At 10:20 exactly, the entire senior class grabbed their things and headed downstairs. When we reached the main floor, Liz and the rest of the girls on the research track peeled off and started for the labs in the basement. But at the last second, Liz stopped short.
“Bye, Cam.” She looked afraid to let me out of her sight. “See you later?”
“Of course you will,” Macey said, looping her arm through mine as if I couldn’t possibly run away again on her watch.
“Yeah,” I said. “I’ll see you at lunch, Lizzie.”
“Okay,” Liz said, then turned and headed for the labs. She was almost gone before I realized that Macey was still beside me.
“Macey, don’t you have to go with her?”
“Nope,” she said, and flashed me a sly smile.
“But…” I started, my foggy mind doing the mental math, because even though she was our age, Macey had come late to the Gallagher Academy. Aside from one or two subjects, we’d never been in the same classes before.
“She caught up,” Bex said, her voice frigid as she started down the dark hall behind the kitchen.
Students never went down there. There were no classrooms or cool places to study. The light was bad and sometimes the hallway smelled so much like onions that my eyes watered. I’d never—not in five years—seen Bex show any interest in that hallway, but she was disappearing down it as if she walked it every day.
“Hey, Bex!” Zach yelled. He barreled down the Grand Staircase, running after her. I don’t think he even saw me as he fell into step with Bex, the two of them turning a corner, out of sight.
“Where are they going?”
I couldn’t hide the bitterness in my voice, but Macey didn’t seem to hear it. She just looked at me as if maybe I’d been knocked on the head even harder than she’d realized.
Her voice was full of mischief when she cocked a hip and said, “Sublevel Three.”
Okay, not to sound braggy or anything, but after five full years, I was pretty sure I knew every part of the Gallagher Academy. I mean, seriously—all the parts (including the ones that got condemned due to an unfortunate uranium incident in 1967).
So I had a pretty good idea of what to expect. After all, Sublevel One was all research books and classrooms, massive training stations comprised of steel and glass and secrets. Sublevel Two was more like a maze—long spiraling corridors filled with our most precious artifacts and dangerous files. The first sublevel looked like something straight out of the future; the second looked like it had been ripped from the past. But as soon as the elevator opened into Sublevel Three, I knew I’d found my way into a place far older than the school itself.

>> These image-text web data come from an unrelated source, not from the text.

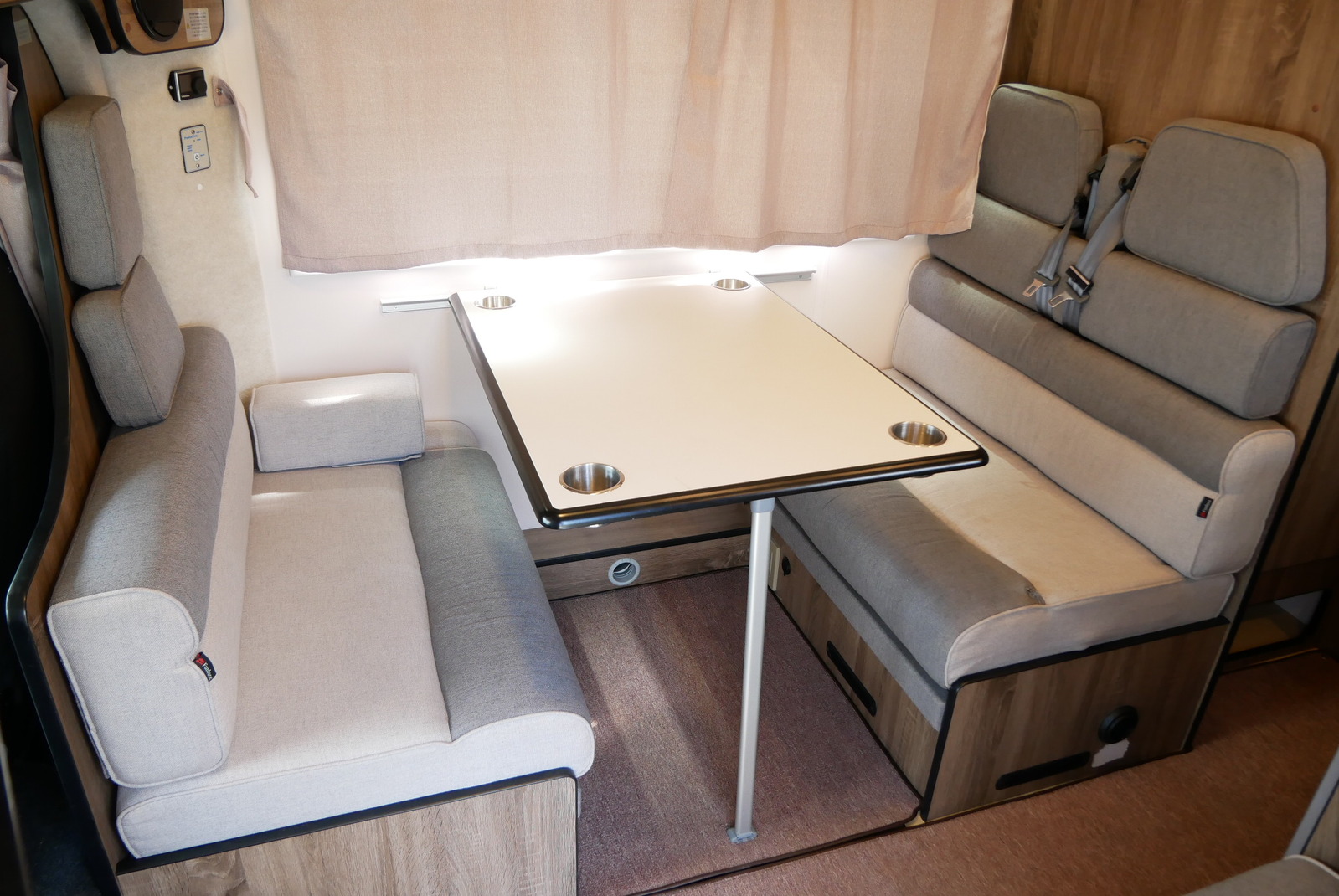 キャンピングカー キャブコン ﾊｲｴｰｽ ﾌｧﾝﾙｰﾁｪｾﾚﾝｹﾞﾃｨ 家庭用AC 4WD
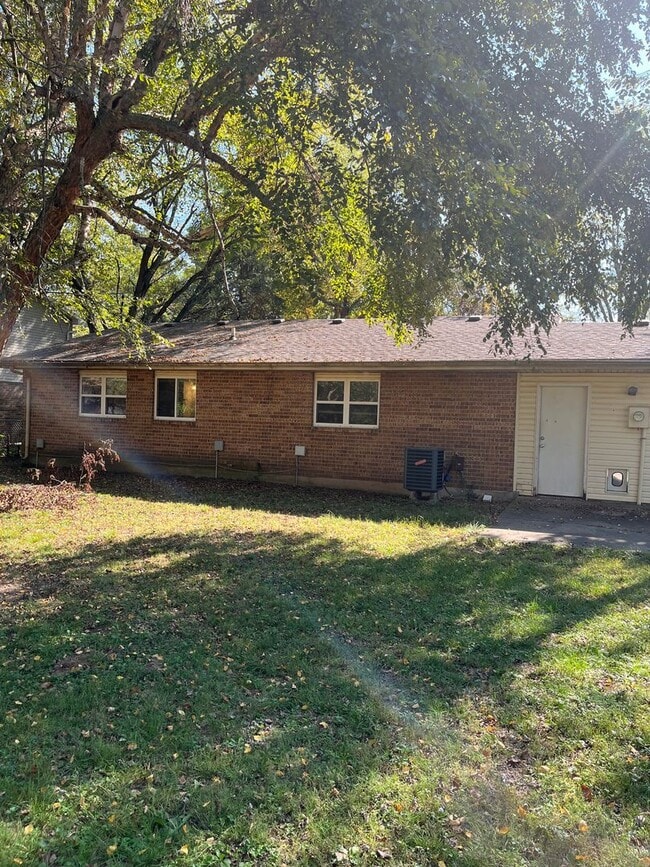 Photo - Spacious 3 bedroom house in SW Springfield!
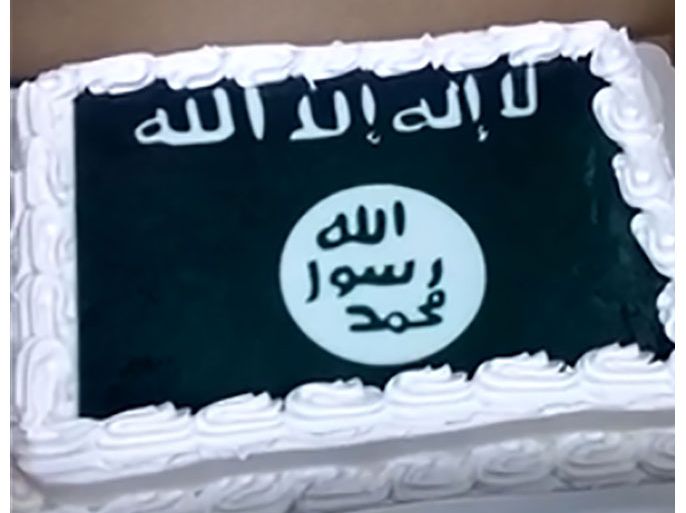 Wal-Mart nixes cake with Confederate flag, OKs Islamic State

Shadows and stone stretched before us. Dim, old-fashioned bulbs hung from a low ceiling. There was nothing but the sound of footsteps and the drip-drip-drip of falling water coming from somewhere I couldn’t see. We weren’t just in a different part of the mansion—it felt like we were in a different part of the world. And yet when I touched the wall, there was something so familiar about the feel of the stone beneath my fingers, the smell of the musty air.
“The classroom’s this way.” Macey started down a narrow hallway, and I followed slowly behind. But with every step, I found it harder and harder to breathe. My gut was telling me, Run. Fight. Flee. Get out of here before it’s too late, before—
“It’s okay, Cammie.”
Zach was alone in the corridor behind me. How long he’d been standing there, I couldn’t say, but it must have been long enough to know, or at least guess, what I’d been thinking, because he said, “You’re not crazy.”